--- SOURCE INFORMATION Enclosed Below ---
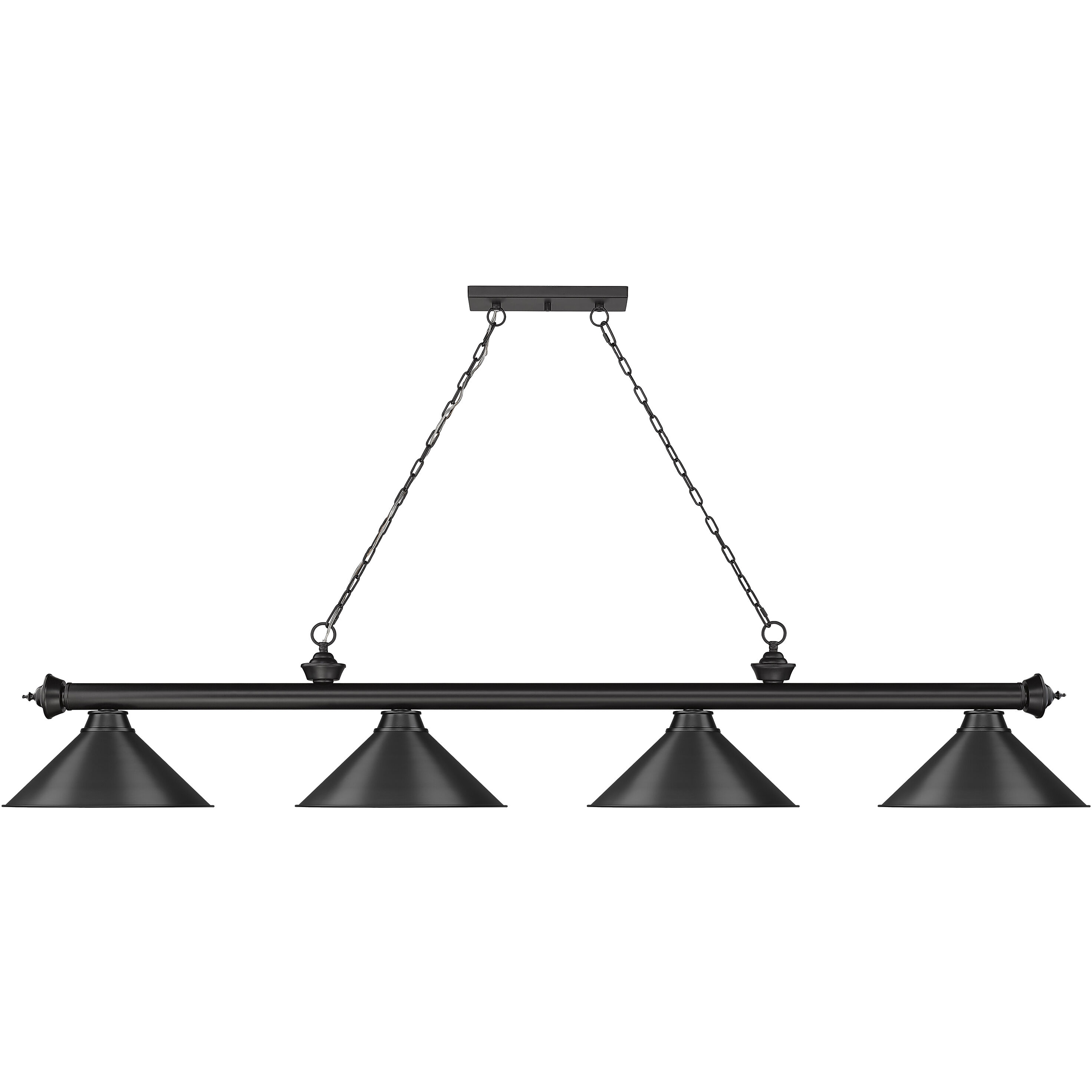 Z-Lite 2306-4MB-MB15 Cordon 4 Light 81.25 inch Matte Black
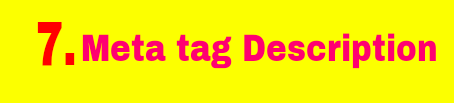 Meta tag description - Logo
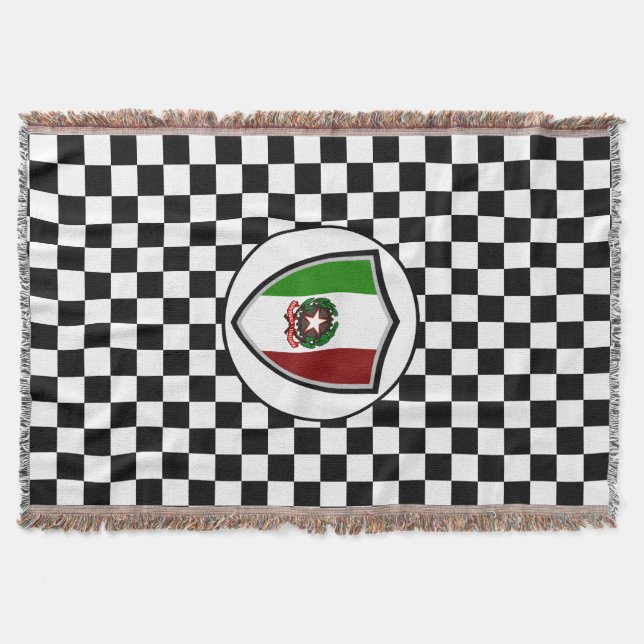 Italian flag-emblem throw blanket (Front)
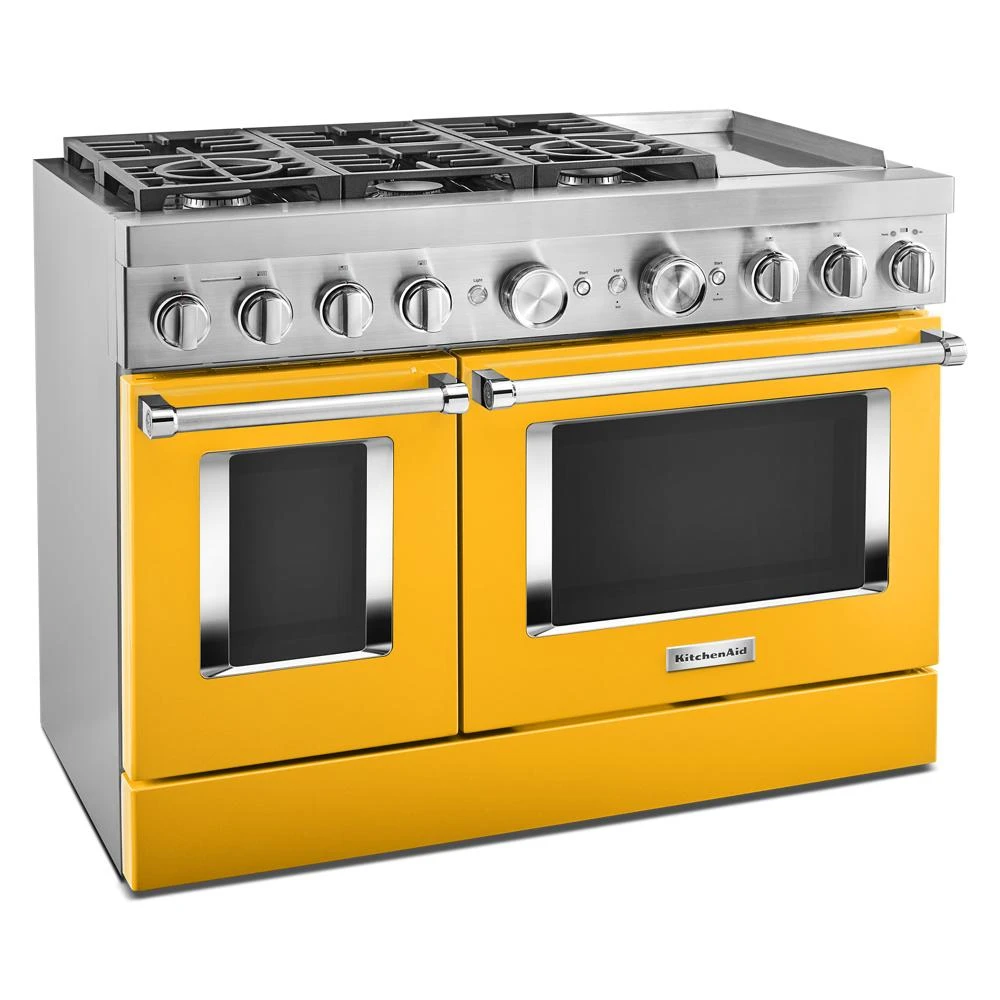 48'' Smart Commercial-Style Dual Fuel Range with Griddle KFDC558JYP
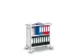 chariot pour classeurs,force 150kg,3plateau(x),plateau Lxl 728x315mm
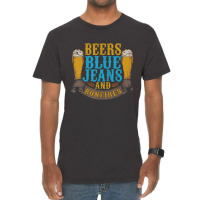 Beers Blue Jeans Bonfires Quotes Country Life Vintage T-shirt | Artistshot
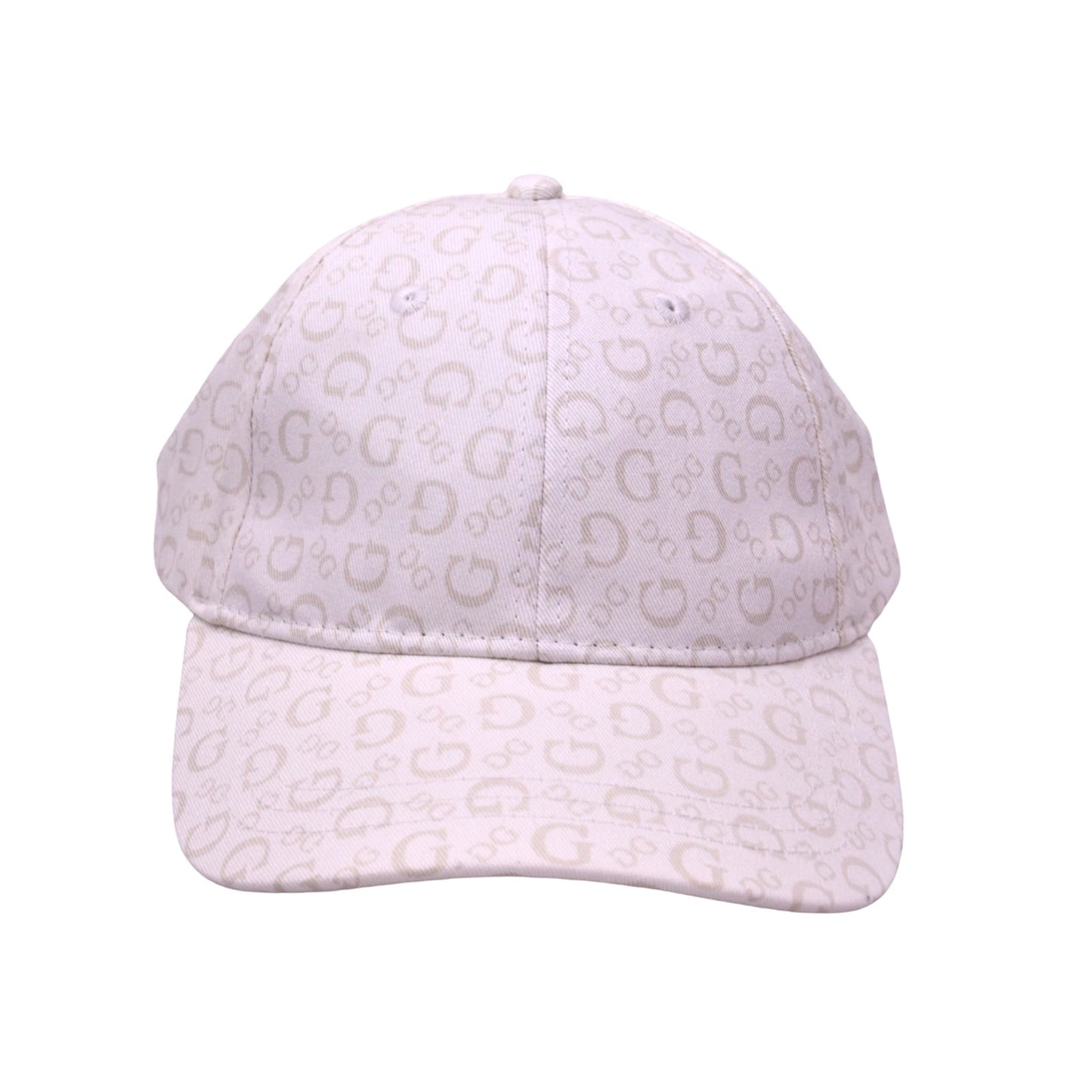 Guess White Monogram Logo Baseball Cap Adjustable Hat One Size Unisex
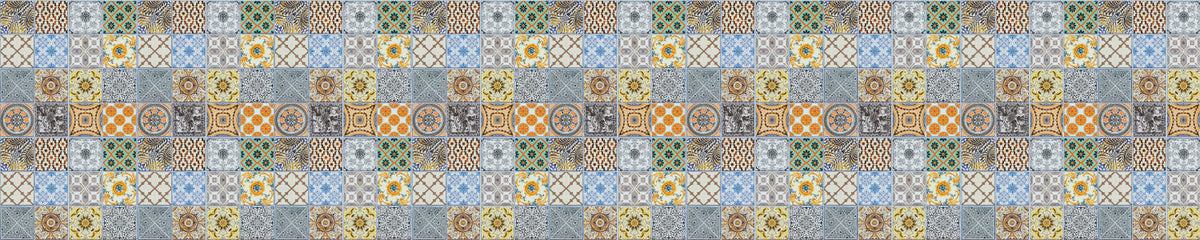 Küchenrückwand Patchwork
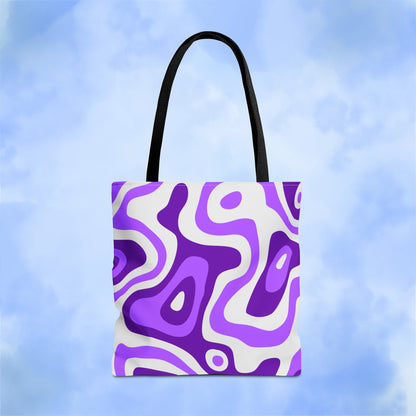 Groovy Purple Lava Tote Bag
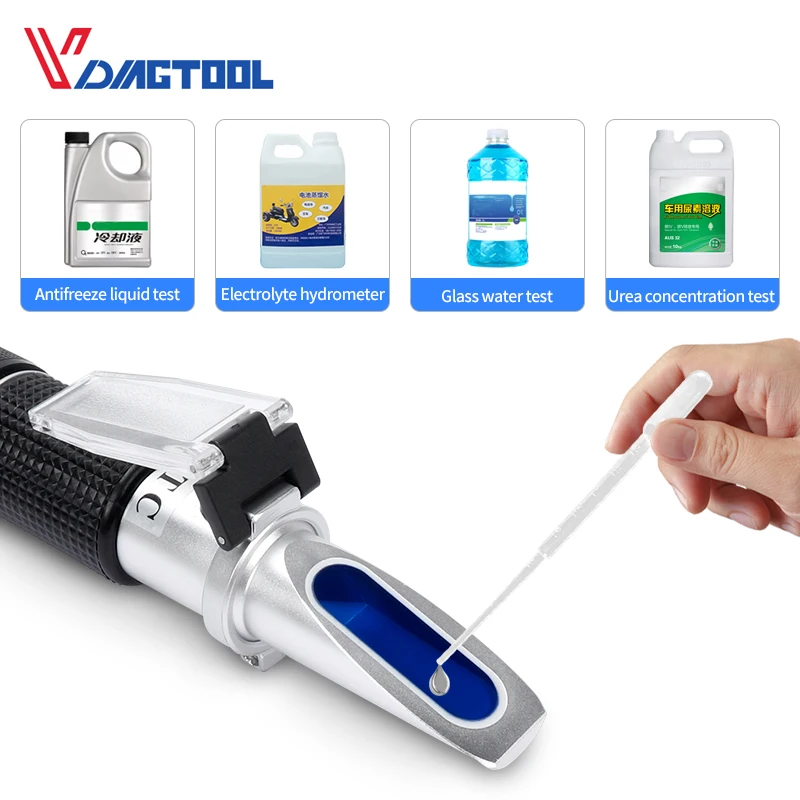 Vdiagtool антифриз точка замораживания тестер инструмент для двигателя жидкости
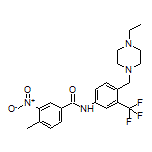 N-[4-[(4-Ethyl-1-piperazinyl)methyl]-3-(trifluoromethyl)phenyl]-4-methyl-3-nitrobenzamide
--- End of Enclosed SOURCE INFORMATION ---
● **EXERCISE DIRECTIONS**: Please write out exactly the lines from the one holding "Groovy Purple Lava Tote Bag" through the last line of the material above, both included, as a copy without pictures.

● **EXERCISE RESPONSE**:
 Groovy Purple Lava Tote Bag
 Vdiagtool антифриз точка замораживания тестер инструмент для двигателя жидкости
 N-[4-[(4-Ethyl-1-piperazinyl)methyl]-3-(trifluoromethyl)phenyl]-4-methyl-3-nitrobenzamide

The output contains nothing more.